Finding an ellipse tangent to a circle when its center and semi-minor axis are given

The circle.

Solve[x^2 + y^2 == 19^2, y]

{{y -> -Sqrt[361 - x^2]}, {y -> Sqrt[361 - x^2]}}

D[Sqrt[361 - x^2], x]

-(x/Sqrt[361 - x^2])

The ellipse.

With[{b = 3/2}, 
  Simplify[Solve[x^2/a^2 + (y - 15)^2/b^2 == 1, y], a > 0]] 

{{y -> 15 - (3 Sqrt[a^2 - x^2])/(2*a)}, {y -> 15 + (3 Sqrt[a^2 - x^2])/(2*a)}}

D[15 + (3 Sqrt[a^2 - x^2])/(2 a), x]

-((3 x)/(2 a Sqrt[a^2 - x^2]))

The points of tangency are the points where the two curves intersect and have the same derivatives. We make use of this to find a.

Solve[
  {Sqrt[361 - x^2] == 15 + (3 Sqrt[a^2 - x^2])/(2 a), 
   x/Sqrt[361 - x^2] == (3 x)/(2 a Sqrt[a^2 - x^2])}, 
  {a, x}]

Now we can draw the figure.

With[{a = 1/2 Sqrt[1/2 (553 + 5 Sqrt[10153])], b = 3/2}, 
  Graphics[{Circle[{0, 0}, 19], Circle[{0, 15}, {a, b}]}, 
    PlotRange -> {12 {-1, 1}, {13, 19.2}}]]

Update

For the record, here is the computation of the two angles θ1 and θ2 that allow the section of the ellipse lying above the two tangents points to be clipped out of the figure.
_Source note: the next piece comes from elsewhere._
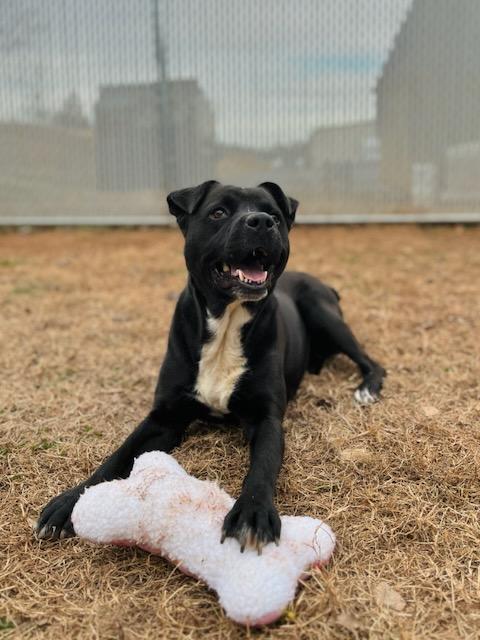 Enlarge Blackie Ray Cyrus , a ADOPTABLE mixed breed in Martinsville, VA image 4/6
a1 = N[(1/2) Sqrt[(1/2) (553 + 5 Sqrt[10153])]];
b1 = 1.5;

x-coordinates of the points of tangency.

x1 = -N[Sqrt[-(10153/288) + (467 Sqrt[10153])/288]]; (* left *)
x2 = -x1; (* right *)

Translating the ellipse to the origin to get y1.

y1 = N[Sqrt[361 - x2^2] - 15];

This next calculation is a little tricky. Because of the way Mathematica draws ellipses by stretching circles, it is necessary to reverse the stretch of the y-commponent when computing the angles.

θ = ArcTan[x2, y1 a1/b1]];
θ1 = π - θ;
θ2 = θ + 2 π;

Graphics[
  {Circle[{0, 0}, 19], 
   Circle[{0, 15}, {a1, b1}, {θ1, θ2}],
   Red, Point[{{x1, 15 + y1}, {x2, 15 + y2}}]},
  PlotRange -> {12 {-1, 1}, {12.9, 19.2}}]

My answer is totally with reference to the m_goldberg answer, but with some changes because some steps were manually entered and I want to make everything automatic.

Some unwanted messages will appear, so I'll leave clean outputs

ClearAll["Global`*"]
Off[Solve::ratnz]
Off[General::ivar]

A general function for the circle equation was created. The Circle function already exists, but the output of this function will give me the equation as a function of x.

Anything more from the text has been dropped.